En el área rural de El Salvador, aún el 24 por ciento de los hogares no dispone de electricidad, según datos de la Encuesta de Hogares de Propósitos Múltiples 2006. Además, 13 por ciento sigue usando queroseno y 10 por ciento utiliza velas, lo que también supone un riesgo para la salud y seguridad de las familias.
Carecer de electricidad les condena a una situación de desventaja y desigualdad, ya que limita sus oportunidades de desarrollo. Disponer de ella les permitiría estudiar en horas vespertinas y nocturnas, realizar actividades artesanales o productivas y mejorar sus condiciones de vida en general.

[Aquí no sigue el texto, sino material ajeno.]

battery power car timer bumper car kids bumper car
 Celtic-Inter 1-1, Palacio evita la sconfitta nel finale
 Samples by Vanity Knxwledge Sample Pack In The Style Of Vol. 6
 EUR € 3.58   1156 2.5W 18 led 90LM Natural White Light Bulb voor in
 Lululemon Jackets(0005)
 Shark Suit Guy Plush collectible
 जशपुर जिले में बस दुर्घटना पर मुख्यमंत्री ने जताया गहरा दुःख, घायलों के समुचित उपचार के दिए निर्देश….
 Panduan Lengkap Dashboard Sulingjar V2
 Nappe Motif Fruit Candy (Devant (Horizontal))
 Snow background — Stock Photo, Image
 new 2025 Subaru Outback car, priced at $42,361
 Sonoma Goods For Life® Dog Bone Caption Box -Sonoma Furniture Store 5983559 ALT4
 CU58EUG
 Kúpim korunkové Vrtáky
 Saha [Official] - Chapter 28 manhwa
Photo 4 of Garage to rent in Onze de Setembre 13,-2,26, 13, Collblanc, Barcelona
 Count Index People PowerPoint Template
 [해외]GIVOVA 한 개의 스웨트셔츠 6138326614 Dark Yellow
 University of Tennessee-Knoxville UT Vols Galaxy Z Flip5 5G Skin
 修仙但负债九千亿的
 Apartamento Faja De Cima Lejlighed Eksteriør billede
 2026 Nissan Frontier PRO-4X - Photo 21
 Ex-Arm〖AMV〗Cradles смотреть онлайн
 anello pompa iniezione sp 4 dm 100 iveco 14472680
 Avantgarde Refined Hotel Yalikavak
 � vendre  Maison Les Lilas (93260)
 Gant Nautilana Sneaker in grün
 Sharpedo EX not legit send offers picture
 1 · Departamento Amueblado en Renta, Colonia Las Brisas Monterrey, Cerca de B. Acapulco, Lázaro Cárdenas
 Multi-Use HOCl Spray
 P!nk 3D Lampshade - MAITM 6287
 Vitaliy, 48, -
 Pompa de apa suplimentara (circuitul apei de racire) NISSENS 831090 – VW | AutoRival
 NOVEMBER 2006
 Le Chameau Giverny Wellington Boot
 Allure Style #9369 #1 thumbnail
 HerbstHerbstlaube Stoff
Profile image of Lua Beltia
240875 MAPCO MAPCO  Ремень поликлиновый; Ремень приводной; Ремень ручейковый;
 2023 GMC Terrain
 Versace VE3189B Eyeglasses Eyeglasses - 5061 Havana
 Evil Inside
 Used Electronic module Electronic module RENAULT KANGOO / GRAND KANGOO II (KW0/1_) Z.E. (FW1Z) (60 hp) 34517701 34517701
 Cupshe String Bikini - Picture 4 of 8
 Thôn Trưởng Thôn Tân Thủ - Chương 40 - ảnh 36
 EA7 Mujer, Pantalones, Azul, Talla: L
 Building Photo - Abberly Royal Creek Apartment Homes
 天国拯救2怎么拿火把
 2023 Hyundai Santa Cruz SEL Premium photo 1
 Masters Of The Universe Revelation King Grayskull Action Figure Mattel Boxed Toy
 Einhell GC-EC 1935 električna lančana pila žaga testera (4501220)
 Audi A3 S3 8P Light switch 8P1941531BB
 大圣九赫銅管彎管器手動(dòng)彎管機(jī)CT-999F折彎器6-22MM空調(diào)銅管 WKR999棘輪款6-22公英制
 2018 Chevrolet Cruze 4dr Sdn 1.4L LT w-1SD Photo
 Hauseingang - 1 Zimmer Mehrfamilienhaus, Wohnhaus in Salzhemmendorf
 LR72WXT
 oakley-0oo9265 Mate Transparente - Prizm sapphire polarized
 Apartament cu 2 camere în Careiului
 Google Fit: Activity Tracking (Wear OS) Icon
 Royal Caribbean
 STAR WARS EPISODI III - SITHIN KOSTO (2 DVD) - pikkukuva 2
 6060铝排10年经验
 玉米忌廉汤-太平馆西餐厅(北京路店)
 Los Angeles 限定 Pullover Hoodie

En ese contexto, la ONG Intervida está apostando en ese país centroamericano por la energía solar para poner en marcha proyectos de electrificación en las comunidades donde no hay servicio de energía eléctrica. Este es el caso de una comunidad del cantón La Joya, en el municipio de San Vicente, donde desde hace unos meses sus más de 300 habitantes disponen ya de electricidad.
Además, cabe destacar que esta comunidad está ubicada en un Área Natural Protegida y los sistemas eléctricos basados en energías renovables como la solar producen, gracias a las placas fotovoltaicas, electricidad limpia, sin ruido, sin peligros ni contaminación y ayudan a conservar el medio ambiente.
Ahora, al disponer de más tiempo con iluminación la jornada laboral de los habitantes se puede extender y los niños pueden realizar las tareas escolares en sus casas sin estar pendientes de la oscuridad, e incluso prolongar las actividades escolares y educativas. También la comunidad, gracias a la electricidad, puede organizar reuniones nocturnas, talleres de formación, fiestas culturales y otras iniciativas.